Cuando el viñedo se pone de parto, cuando la uva alcanza el punto exacto de madurez, el viticultor emprende una carrera contra reloj, con un ojo permanentemente puesto en el cielo, no para implorar a los dioses, que son muy suyos, sino para perseguir las nubes que en él habitan: unas, mansas; otras, amenazadoras de lluvias y piedra. Esas son su pesadilla. La combinación entre tiempo climático y tiempo de maduración tiene a los bodegueros en un sinvivir que no afloja hasta que entra en las tolvas el último racimo.
Hay que vivir una vendimia para llegar a amar el vino. Y para valorarlo. Para que luego, cada sorbo nos devuelva la memoria de esa gente laboriosa, encorvada durante horas hasta el martirio, que supo dar valor con su trabajo al milagro que encierra cada botella. Y más todavía si la vendimia es en la Ribeira Sacra, muy cerca de mi casa. En aquellas terrazas, llamadas socalcos, que trepan por las laderas de las montañas en pendientes de 40 grados, mis paisanos practican lo que se ha dado en llamar la viticultura heroica, donde literalmente se juegan la vida como héroes.
Después de observar su trajín de obreros equilibristas, me pregunto cuál es el precio justo que deberíamos pagar por ese vino. Porque si nos parece milagroso eso de transformar el agua en vino –es lo que viene haciendo la cepa, al fin y al cabo, desde unos cuatro mil años antes de las bodas de Caná-, más nos lo debiera parecer que en las estanterías de las tiendas podamos encontrar vino a menos de un euro la botella. ¿No es milagroso que el producto final sea más barato que el kilo de uva? ¿O es que el kilo de uva no vale nada, y mucho menos el trabajo del viticultor y bodeguero? O, aún peor: ¿es que lo que encierra la botella en realidad no es vino?
Hacer vino requiere una alianza cómplice entre la ciencia enológica, la química, con sus enzimas caprichosas, y el agricultor. Cuando contemplo el precio de esos presuntos vinos, más baratos que una cerveza vulgar, me acuerdo del esfuerzo y sabiduría que implica necesariamente su elaboración y conservación. Y me da por pensar que nos hemos convertido en los chinos de nosotros mismos, para quienes el precio es más sabroso que los sugerentes recuerdos de fruta, flores, sotobosque y todos los aromas y sabores que hacen del vino una bebida única, misteriosa, que alegra el cuerpo cuando el alma está en paradero desconocido.

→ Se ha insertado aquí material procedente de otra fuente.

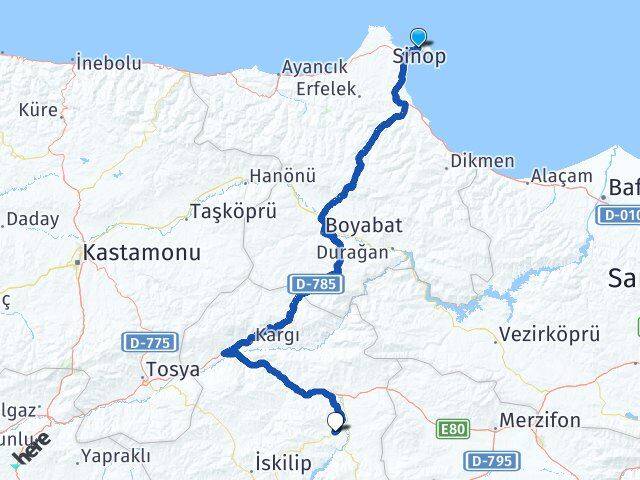 Sinop Dodurga Çorum Arası Kaç Km - Yol Haritası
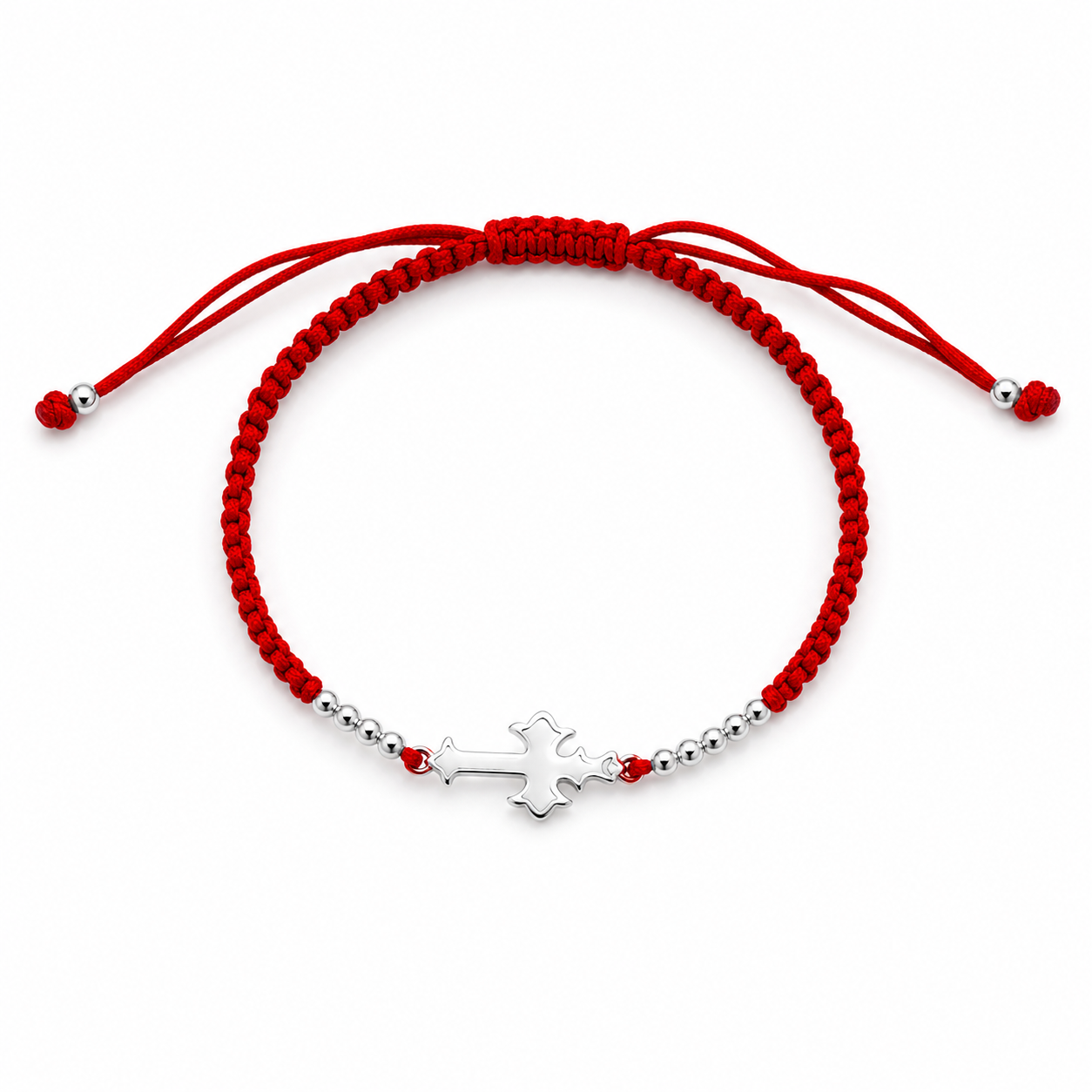 Pulseras hilo Plata Cruz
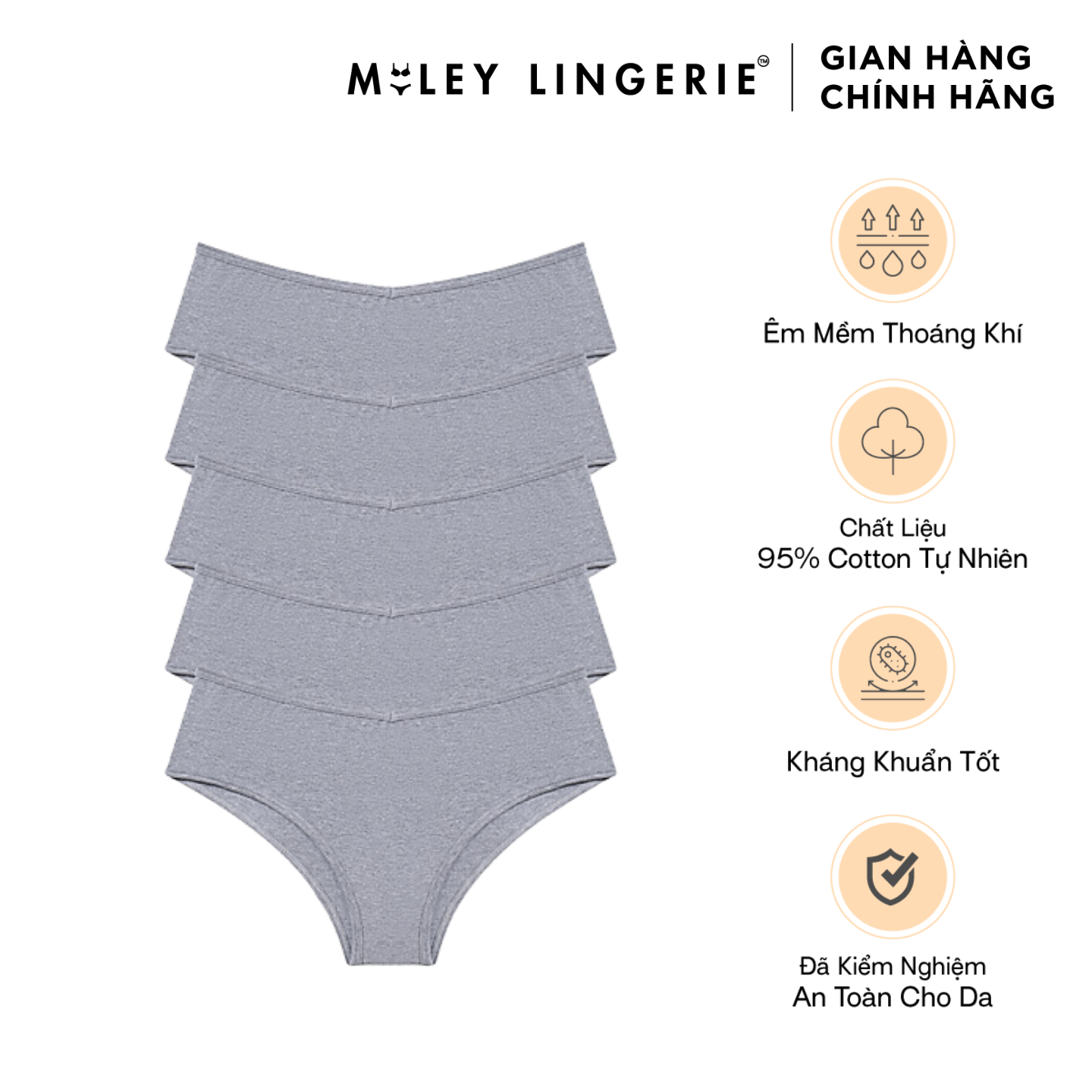 Combo 5 Quần Lót Nữ Cotton Thiên Nhiên Being Me Miley Lingerie- Màu Xám Nhạt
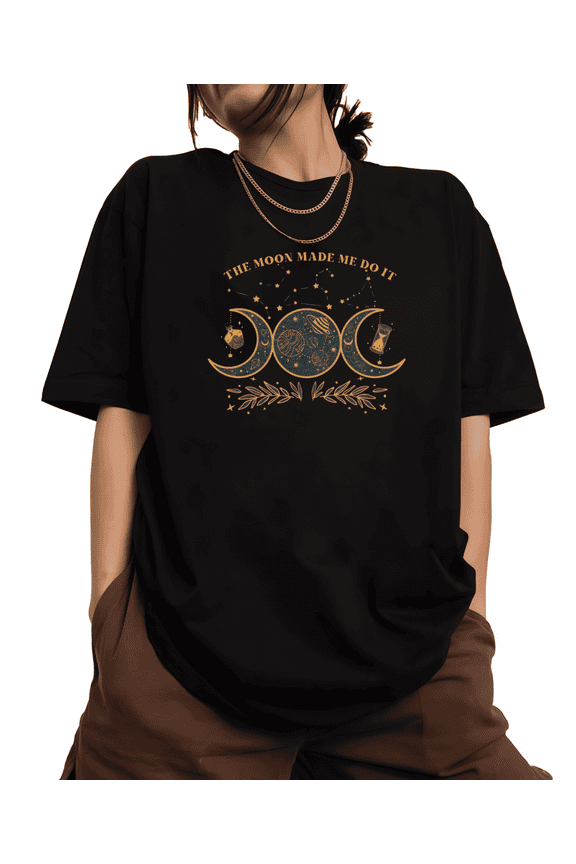Moon Phase Print Tshirt Graphic Tees Black Shirts Mystic Astrology Style S-5XL Tops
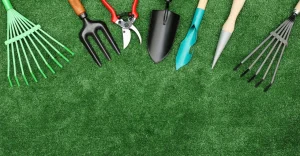 Row of gardening tools on green grass: rake, trowel, pruners, and fork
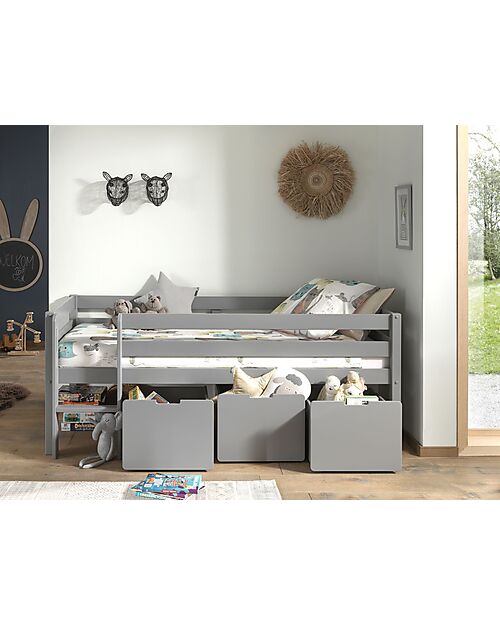 Vipack Set of 3 Pino Drawers - Grey - 49,6 x 60 x 39,6 cm - MDF Single Bed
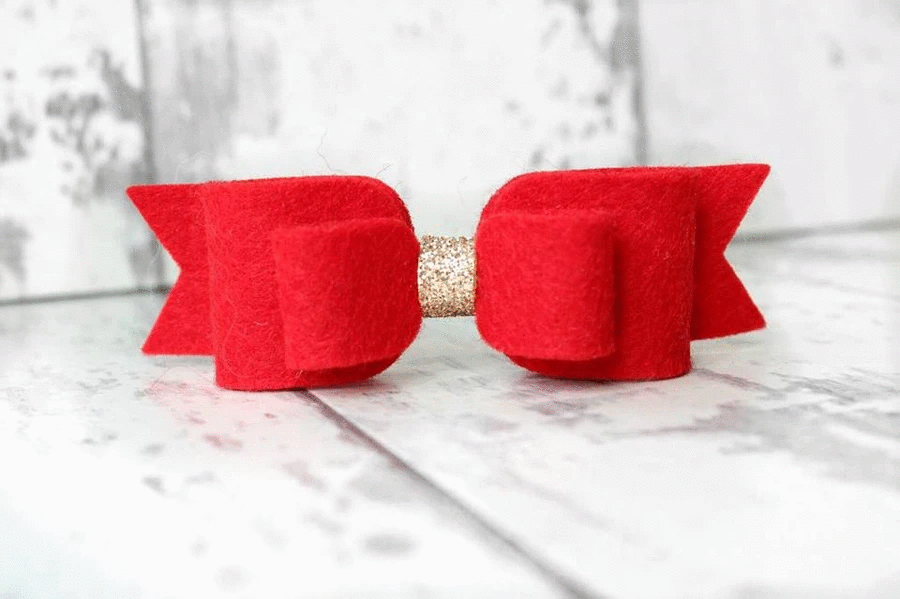 Double felt bows with gold centre | 25 colours | Clip or headband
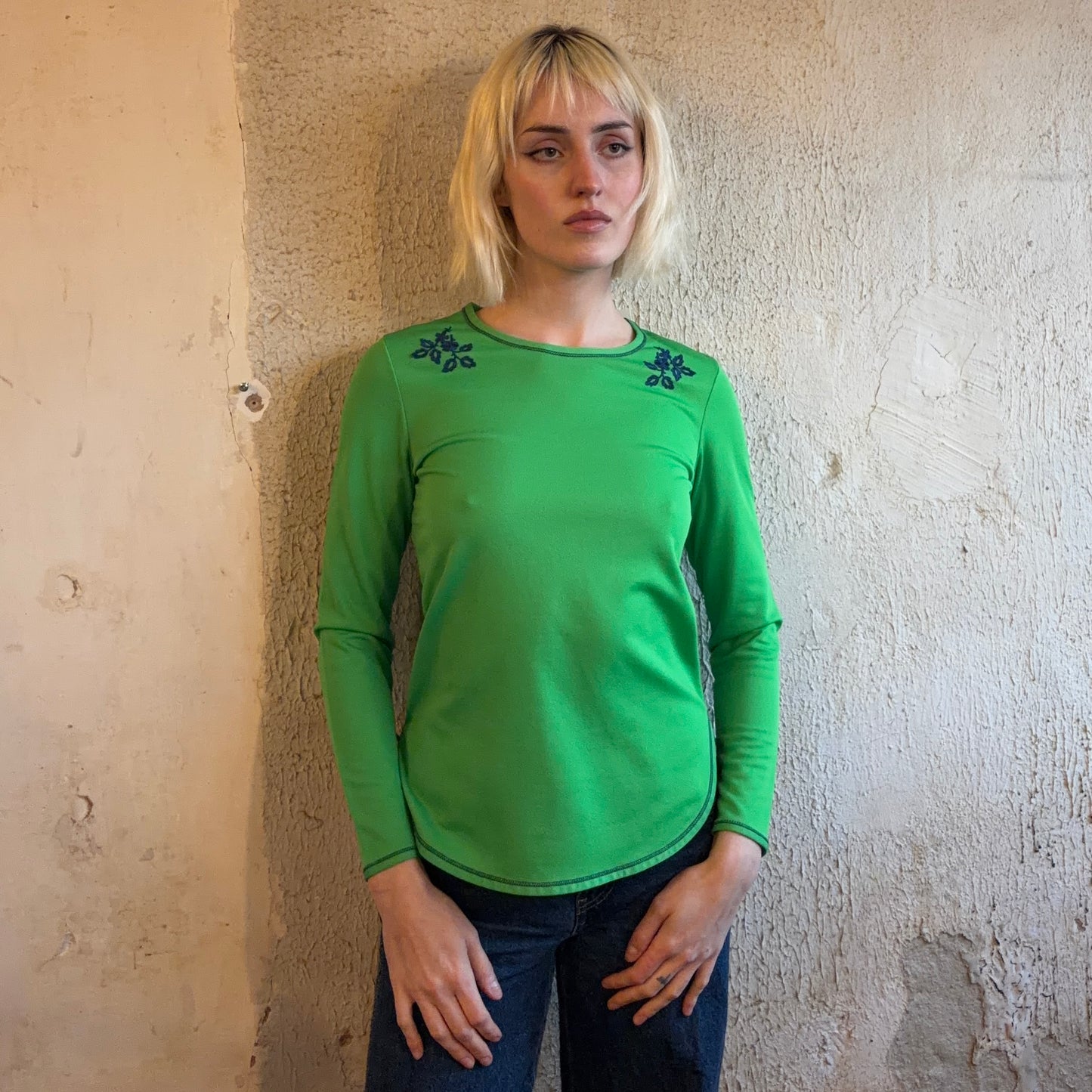 VTG Green Embroidered Floral Shirt S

En el vecino Ribeiro, de tradición exportadora, hay bodegueros que están devolviendo a los chinos su propia receta. Están vendiendo en aquel inmenso país, con la capacidad de beberse todas las cosechas juntas de Europa en una sentada, presuntos ribeiros a precios de risa. Millones de litros de un brebaje que no me atrevo ni a imaginar viajan a China hasta las mesas de unos consumidores incapaces de marcar en el mapa donde está España, sin sospechar que ahora somos la China de los chinos, gracias a sueldos de chinos y a un desempleo de africanos.
Si supieran los desvelos que son precisos para llenar una botella con vino, tan solo vino, no más… si tuvieran la oportunidad de asomarse al Ribeiro y a la Ribeira Sacra para ser testigos del esfuerzo ciclópeo de una vendimia, empezarían a sospechar que algo extraño ocurre en el cuento. Que el genio de la botella ha vuelto a hacer un truco más de los suyos para que aquello parezca vino.